What needs to be done = Once you reach the end of the data, transcribe all of it exactly.

Short descriptive text snippets:
□ □ □

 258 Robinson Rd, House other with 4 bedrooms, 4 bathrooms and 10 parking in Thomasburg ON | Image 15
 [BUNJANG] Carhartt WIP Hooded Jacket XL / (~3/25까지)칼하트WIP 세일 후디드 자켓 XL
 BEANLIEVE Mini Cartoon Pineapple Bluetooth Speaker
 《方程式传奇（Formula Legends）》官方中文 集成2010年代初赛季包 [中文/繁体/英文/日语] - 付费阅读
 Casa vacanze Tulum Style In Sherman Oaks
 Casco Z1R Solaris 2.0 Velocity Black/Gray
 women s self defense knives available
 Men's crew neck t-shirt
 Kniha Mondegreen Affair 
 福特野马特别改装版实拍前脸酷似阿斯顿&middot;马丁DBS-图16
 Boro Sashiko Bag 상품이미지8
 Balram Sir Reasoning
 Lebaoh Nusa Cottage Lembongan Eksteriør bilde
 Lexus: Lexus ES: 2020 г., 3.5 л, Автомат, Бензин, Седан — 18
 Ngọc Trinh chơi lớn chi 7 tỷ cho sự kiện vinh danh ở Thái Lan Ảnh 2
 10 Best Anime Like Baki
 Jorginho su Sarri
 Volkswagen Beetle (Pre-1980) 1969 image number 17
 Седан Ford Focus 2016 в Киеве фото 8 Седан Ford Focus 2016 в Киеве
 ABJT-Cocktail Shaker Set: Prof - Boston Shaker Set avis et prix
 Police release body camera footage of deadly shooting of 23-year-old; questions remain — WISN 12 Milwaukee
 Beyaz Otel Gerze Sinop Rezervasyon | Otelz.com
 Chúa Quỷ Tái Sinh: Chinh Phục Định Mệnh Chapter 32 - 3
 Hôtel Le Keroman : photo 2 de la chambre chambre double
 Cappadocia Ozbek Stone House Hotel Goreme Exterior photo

□ □ □

Result of this task =
 258 Robinson Rd, House other with 4 bedrooms, 4 bathrooms and 10 parking in Thomasburg ON | Image 15
 [BUNJANG] Carhartt WIP Hooded Jacket XL / (~3/25까지)칼하트WIP 세일 후디드 자켓 XL
 BEANLIEVE Mini Cartoon Pineapple Bluetooth Speaker
 《方程式传奇（Formula Legends）》官方中文 集成2010年代初赛季包 [中文/繁体/英文/日语] - 付费阅读
 Casa vacanze Tulum Style In Sherman Oaks
 Casco Z1R Solaris 2.0 Velocity Black/Gray
 women s self defense knives available
 Men's crew neck t-shirt
 Kniha Mondegreen Affair 
 福特野马特别改装版实拍前脸酷似阿斯顿&middot;马丁DBS-图16
 Boro Sashiko Bag 상품이미지8
 Balram Sir Reasoning
 Lebaoh Nusa Cottage Lembongan Eksteriør bilde
 Lexus: Lexus ES: 2020 г., 3.5 л, Автомат, Бензин, Седан — 18
 Ngọc Trinh chơi lớn chi 7 tỷ cho sự kiện vinh danh ở Thái Lan Ảnh 2
 10 Best Anime Like Baki
 Jorginho su Sarri
 Volkswagen Beetle (Pre-1980) 1969 image number 17
 Седан Ford Focus 2016 в Киеве фото 8 Седан Ford Focus 2016 в Киеве
 ABJT-Cocktail Shaker Set: Prof - Boston Shaker Set avis et prix
 Police release body camera footage of deadly shooting of 23-year-old; questions remain — WISN 12 Milwaukee
 Beyaz Otel Gerze Sinop Rezervasyon | Otelz.com
 Chúa Quỷ Tái Sinh: Chinh Phục Định Mệnh Chapter 32 - 3
 Hôtel Le Keroman : photo 2 de la chambre chambre double
 Cappadocia Ozbek Stone House Hotel Goreme Exterior photo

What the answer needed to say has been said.